Plus généralement, cette scène confirme la grande partialité qui peut exister dans le fonctionnement de la justice, d'autant plus lorsqu'un Homme fait l'objet de l'instruction. Non content d'être intimement liés dans leur fonction aux principes religieux, les trois magistrats présents en exercent une autre en parallèle. Le docteur Zaius notamment, qui est membre du gouvernement en tant que ministre de la Science. Le représentant de l’État est également intimement lié au pouvoir judiciaire puisqu'il est également adjoint du ministre de la Justice. Tout est mélangé, aucune séparation entre le pouvoir exécutif et judiciaire n'est actée, et à aucun moment de l'audience le principe du contradictoire n'est respecté. Aucun droit de parole n'est accordé au principal intéressé en raison de sa nature non-simienne.

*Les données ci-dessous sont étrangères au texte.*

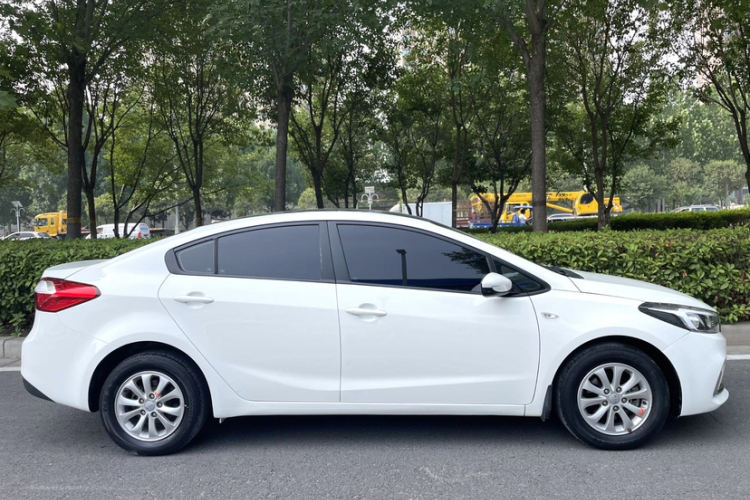 起亚K3 2016款 1.6L 手动GL车身外观6007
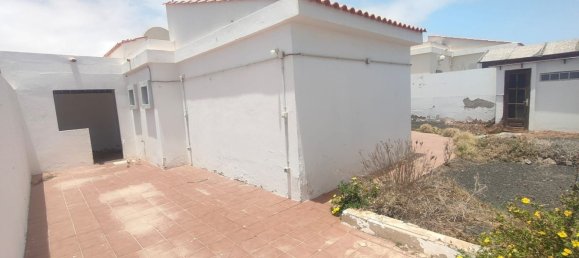 2 bedrooms House in La Oliva, Spain No. 168592 17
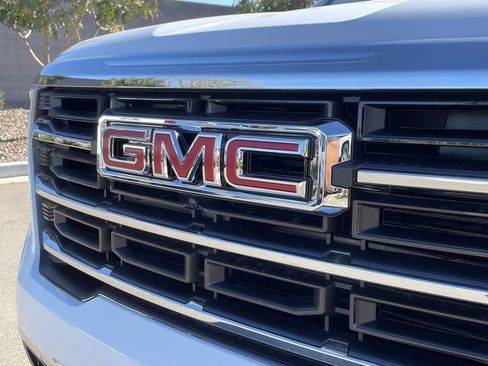 New 2026 GMC Acadia Elevation w/ Elevation Premium Package FWD image 31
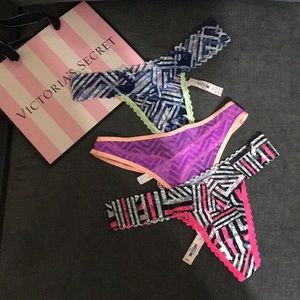 Victoria’s Secret 3 Lace Thongs NWT Medium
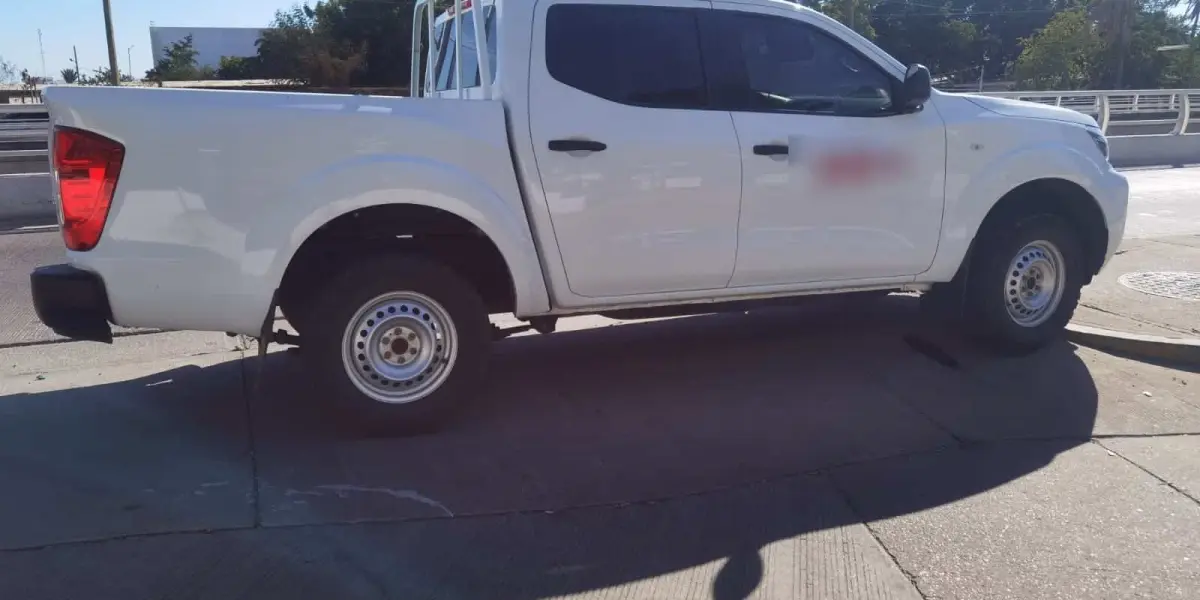 Una camioneta Nissan Frontier 2021, robada en el Infonavit Humaya es localizada 41 minutos después en el fraccionamiento La Conquista, gracias a la rápida y eficaz actuación de los oficiales de la SSPyTM.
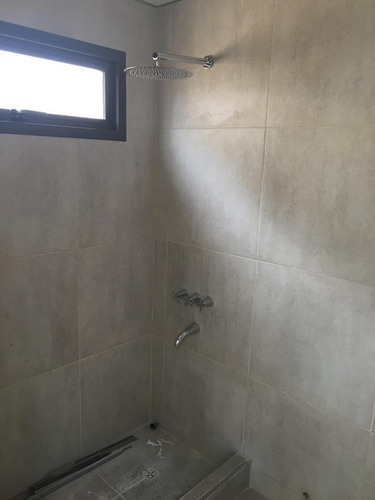 Imagen 4 de 14 de Casa En Barrio Pórtico Del Sol 2
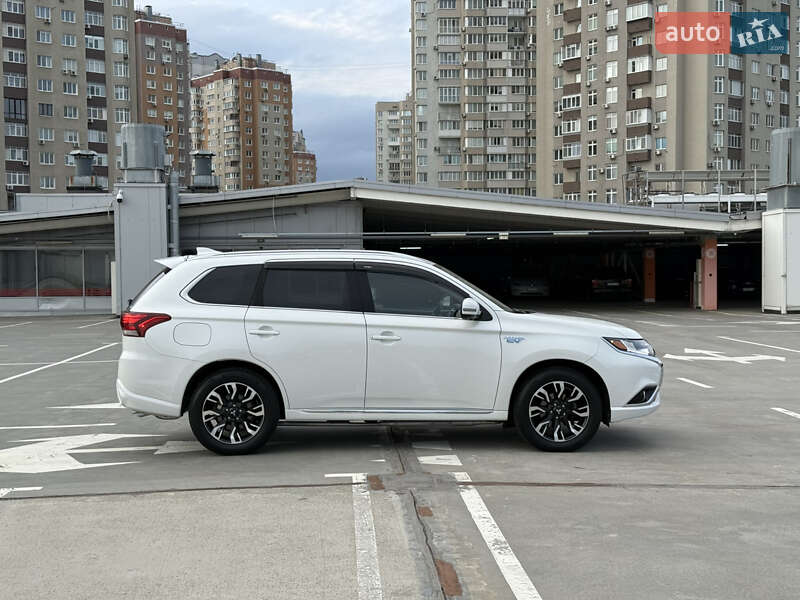 Позашляховик / Кросовер Mitsubishi Outlander 2018 в Києві фото 7 Позашляховик / Кросовер Mitsubishi Outlander 2018 в Києві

En outre, la scène qui suit est également très intéressante puisqu'à l'issue du dialogue entre Zaius et Taylor, le spectateur commence à entrevoir la supercherie entourant la société des Singes et la conservation d'un grand secret, d'un tabou par les autorités : Zaius admet lui-même savoir parfaitement que Taylor n'est pas un monstre, et croit en sa possibilité d'être un être doté de conscience.
Composante majeure de la catégorie anticipation au septième art, La Planète des Singes réalisé par Franklin J. Schaffner fut le départ d'une saga à la mythologie étoffée, en raison des nombreux thèmes abordés. Le long-métrage se veut-il dénonciateur des nombreuses dérives du système juridico-politique de l'Homme au cours des siècles ? Catégorisation des individus, asservissement de certaines populations, justice partiale, perméabilité entre pouvoir et religion...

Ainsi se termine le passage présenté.